All _p_values have been multiplied by 3, and now the estimated difference between treatments B and C is not significant anymore, when we have controlled the family-wise error rate.

All good now?

I have asked myself before - if you are going to do the Bonferroni-correction anyway, why do the ANOVA at all? Why not go straight to the Bonferroni-corrected t-tests? (The answer to this rhetorical question is of course that you should go straight to the Bonferroni-corrected t-tests of your linear model) I have until recently espoused the procedure myself that for oneway ANOVAs, you should not correct the post-hoc tests, as long as you only performed those if you could reject the null model (no difference between any conditions) based on the F-value. This was based on the reasoning that this would control the error rate at \(\alpha\)=0.05, because you would only do the post-hoc testing when the null model could be rejected at \(\alpha\)=0.05

However, I have recently learnt that this only amounts to weak control of the family-wise error rate (controlling the rate at which you reject all true null hypotheses), whereas what many strive for (as implicitly revealed by their Bonferroni-correction) for strong control of the family-wise error rate[4] (controlling the rate at which you reject any true null hypothesis)

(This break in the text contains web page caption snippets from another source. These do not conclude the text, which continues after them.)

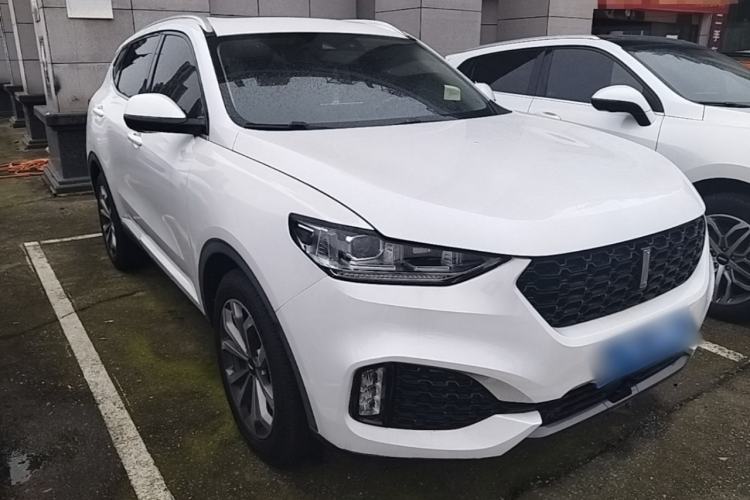 Used Wey VV6 2018 2.0T Two-Wheel-Drive Ultra-Luxury Version China V Standard Front Right 45 Deg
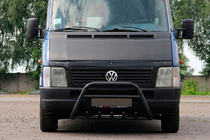 Volkswagen LT 1995–2006 Bullbar WT003 Black (RVS) foto 1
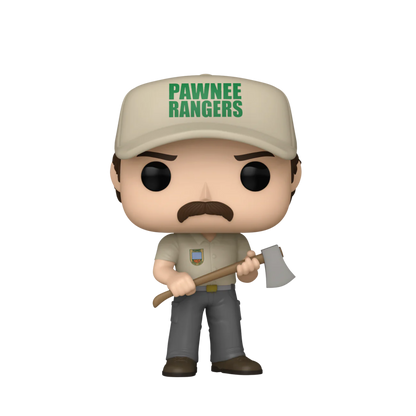 Parks & Recreation - Ron Swanson (Pawnee Rangers) Pop! Vinyl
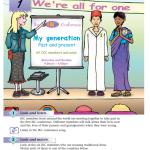 حل أسئلة Class Book – Unit 1 : My generation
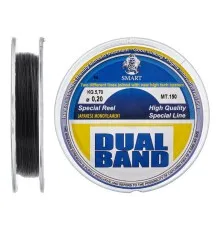 Волосінь Smart Dual Band 150m 0.14mm 2.8kg (1300.31.21)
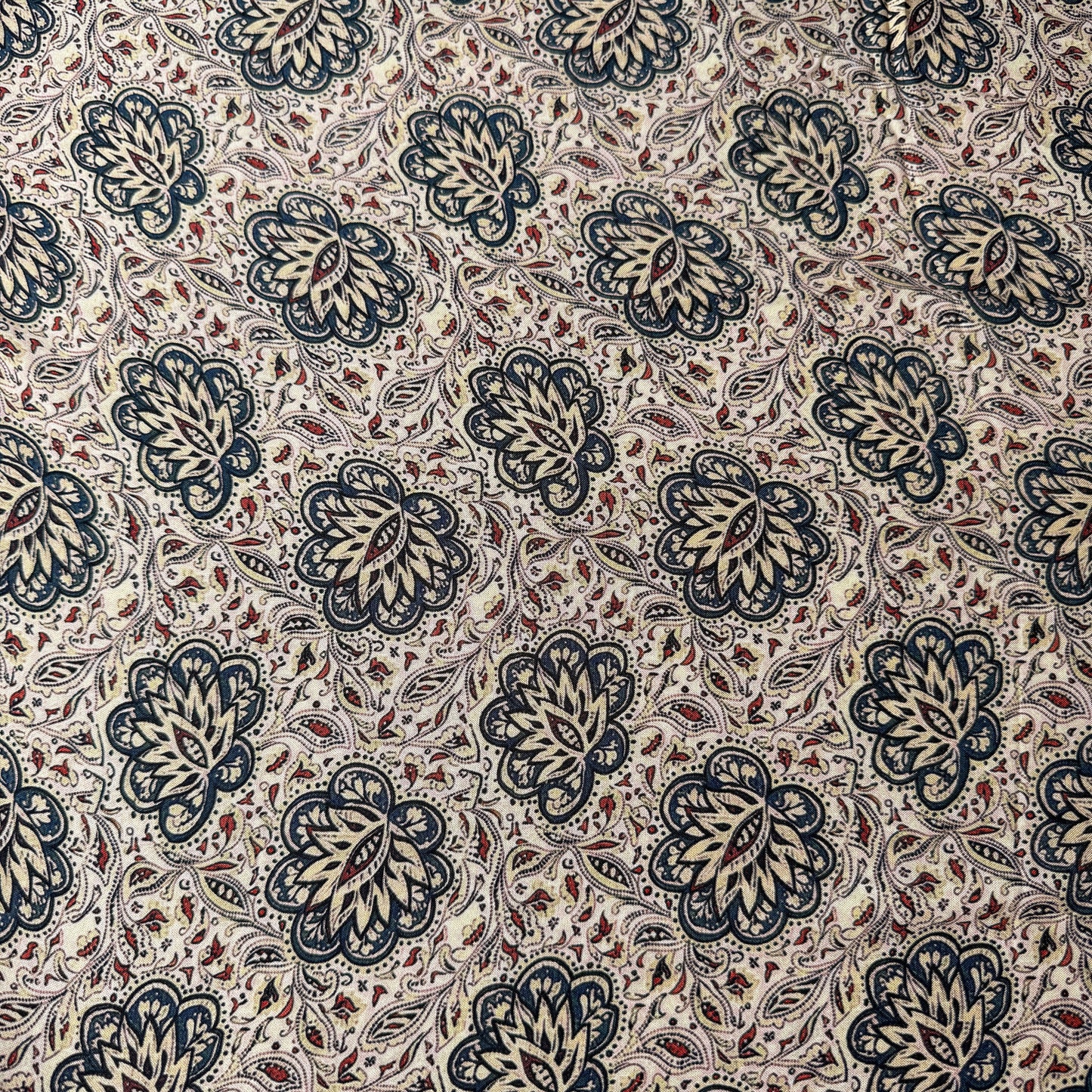 Eco Modal Rayon Indigo Filigree - GT 2305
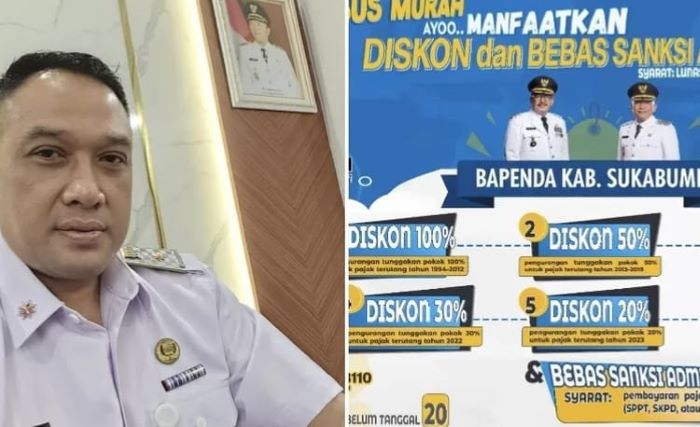 Bapenda Kabupaten Sukabumi Tegaskan Komitmen Penertiban PBB Desa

What I will argue using a simulation approach is that the doing the ANOVA first and Bonferroni-correction afterwards actually does harm to your power, i.e. it controls the family-wise error rate too conservatively.

Simulation function

The idea of the function is that we similarly to before run a oneway ANOVA with three levels, but this time, we make sure there is no True effect. (the measurements for the three treatments are all drawn from a normal distribution with \(\mu=0\) and \(\sigma=1\)). To obtain an estimate of the long-term error rate, we run the test “many” times and count the number of falsely rejected null hypotheses, global (F) and local (t)

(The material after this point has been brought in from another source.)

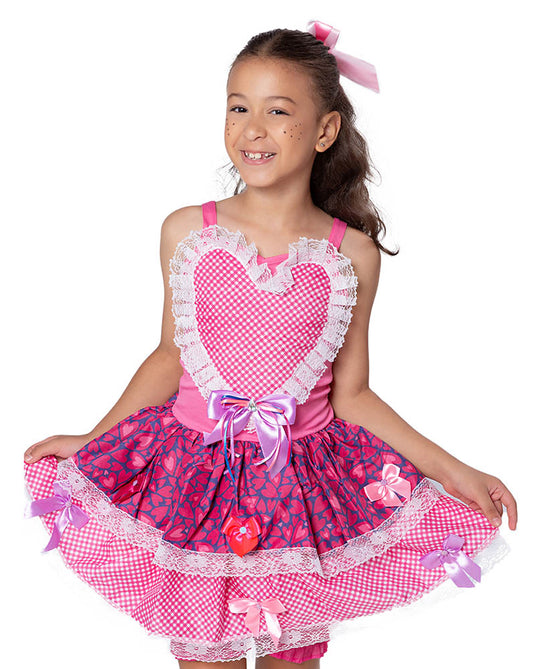 VESTIDO JUNINO SAFIRA - J1788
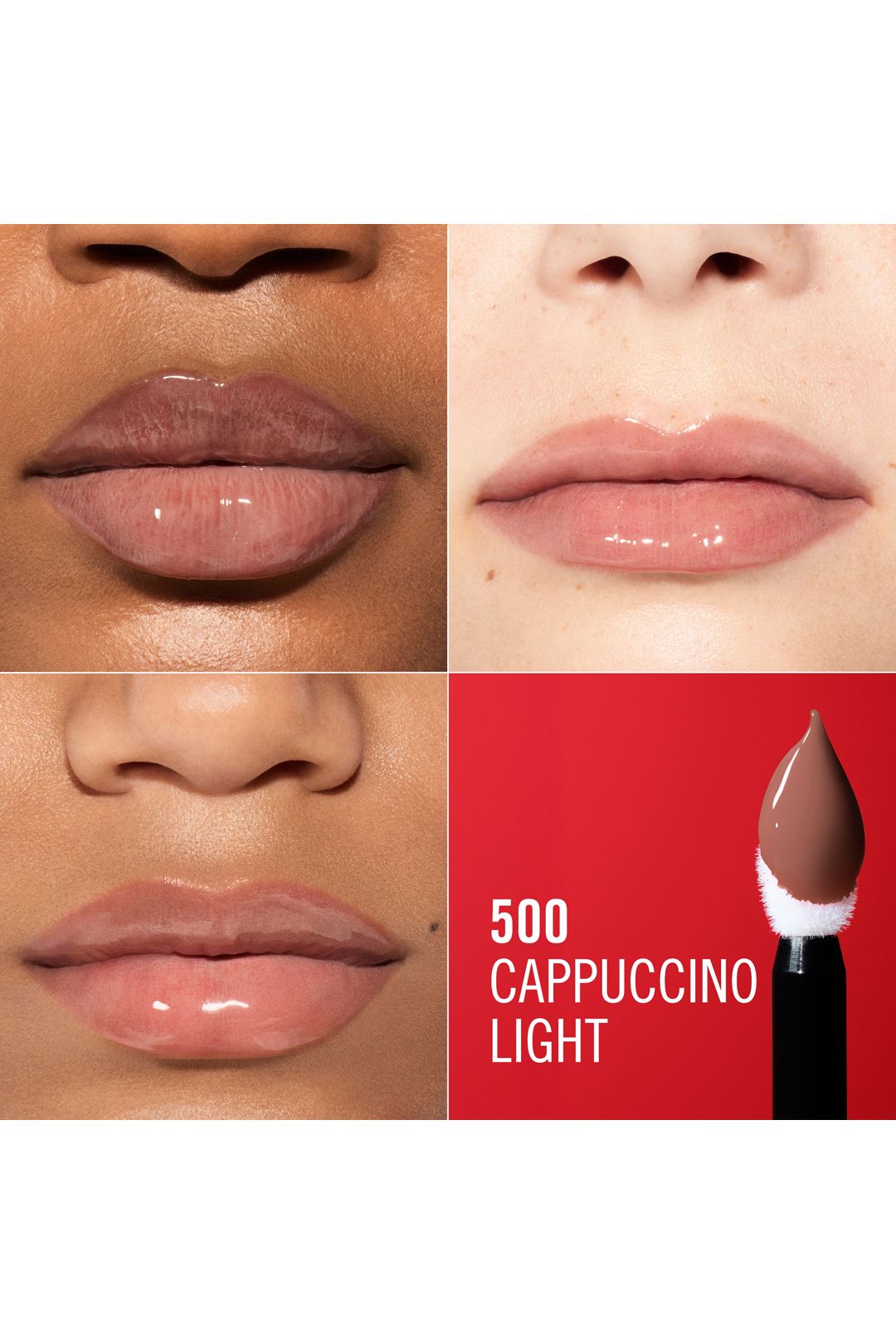 Rimmel London Thrill Seeker Lip Latex 6ml Cappuccino Light image 2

# prints the Type-1 error rates for different levels of F.alpha and t.alpha
# three levels are hardcoded are the present
simulate.oneway <- function(n.tests, n.obs, F.alpha, t.alpha, correction,
                            do.ANOVA=TRUE)
{
    print(paste('Parameters: n.tests:', n.tests, '; n.obs:', n.obs,
                '; F.alpha:', F.alpha,
                '; t.alpha:', t.alpha,
                '; correction:', correction,
                '; do.ANOVA:', do.ANOVA))
    hypothesis.matrix <- matrix(data=0, nrow=3, ncol=3)
    hypothesis.matrix[1, c(1, 2)] <- c(1, -1)
    hypothesis.matrix[2, c(1, 3)] <- c(1, -1)
    hypothesis.matrix[3, c(2, 3)] <- c(1, -1)
    
    false.positives.F <- 0
    false.positives.t <- 0
    for(test.index in 1:n.tests)
    {
        if(test.index %% (n.tests / 10) == 0)
        {
            print(paste(test.index, 'of', n.tests,
                        'simulations run'))
        }
        meas.A <- rnorm(n.obs) ## expected value: 0
        meas.B <- rnorm(n.obs) ## expected value: 0
        meas.C <- rnorm(n.obs) ## expected value: 0
        
        meas <- c(meas.A, meas.B, meas.C)
        condition <- factor(rep(c('A', 'B', 'C'), each=n.obs))
        
        data <- data.frame(meas=meas, condition=condition)
        
        model <- lm(meas ~ condition, data=data)
        results <- anova(model)
        if(results$`Pr(>F)`[1] < F.alpha & do.ANOVA)
        {
            false.positives.F <- false.positives.F + 1
            if(correction == 'Tukey')
            {
                t.p <- summary(glht(model,
                    linfct = mcp(condition = 'Tukey')))$test$pvalues
            } else
            {
                t.p <- summary(glht(model, hypothesis.matrix),
                    test=adjusted(correction))$test$pvalues
            }
            # print(summary(glht(model, hypothesis.matrix)))
            # print(summary(glht(model, hypothesis.matrix), test=adjusted('none')))
            false.positives.t <- false.positives.t + sum(t.p < t.alpha)
        } else if(!do.ANOVA)
        {
            t.p <- summary(glht(model, hypothesis.matrix),
                           test=adjusted(correction))$test$pvalues
            false.positives.t <- false.positives.t + sum(t.p < t.alpha)
        }
        # else print('Not a valid combination of "do.ANOVA" and "correction"')
            
    }
    
    print(paste('Proportion of falsely rejected F.tests', 
                false.positives.F / n.tests))
    print(paste('Proportion of falsely rejected t.tests', 
                false.positives.t / (3*n.tests)))
    cat('\n')
}

Simulations

Now, we are going to run the actual simulations with 100000 (1e5) repetitions.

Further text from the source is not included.